Ruby, a henchman of the crime lord Vogel, who has been having an affair with his boss' wife, is thrown into a jail after getting caught hiding the loot that he stole from his boss in revenge for the death of his lover. In jail Ruby refuses to eat or speak, which concerns the jail's psychiatrist but fails to impress the detective in charge of the investigation, who sees through Ruby's ruse.

At the suggestion of the detective, the two criminals meet after Quentin, an intolerable extrovert who has driven mad two other inmates, is put in with him. Quentin thinks that he has struck up a one-sided friendship with Ruby after conducting an uninteresting monologue, however they are parted again after Ruby fakes suicide to get out. Quentin does the same and ends up in the bed next to Ruby in the infirmary.

Ruby manages to bribe the psychiatrist (who also works for Vogel) into helping him escape the prison. Quentin, however, thwarts the escape and makes his own botched attempt at escape with help from a drunken long-time friend driving a crane.
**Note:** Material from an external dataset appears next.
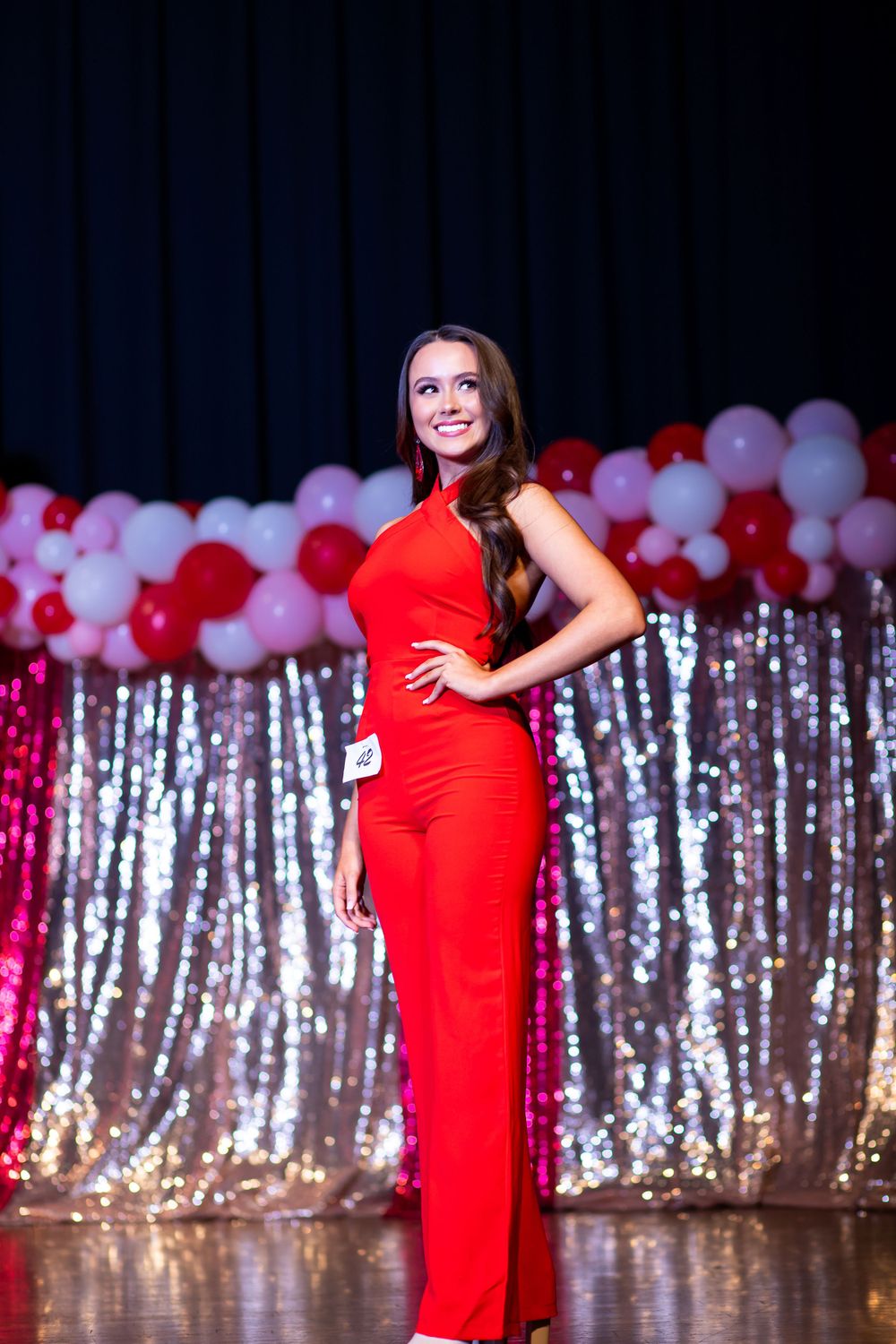 Model strikes confident pose in red formal jumpsuit against sparkly backdrop with balloons.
Over the period of the film Vogel's bodyguards tried to catch Ruby three times. After that they stole two cars of Vogel and his bodyguards returned them back. Once outside Ruby is unable to get rid of Quentin, and they both go through many adventures, including robbing a diminutive horse trainer's house, dressing up in Chanel, exchanging clothing with two impertinent youths, stealing a series of police and civilian cars and fixing Ruby's shoulder with a breaking chair, in pursuit of his former partners in crime. And when Quentin tried to steal a car, two policemen noticed them and Ruby was serious wounded.

Sheltering in an abandoned shop, where Quentin plans to make a café business, they meet another homeless woman, who looks like Vogel's former wife. Ruby gives her some money and drops her off at a hotel to stay.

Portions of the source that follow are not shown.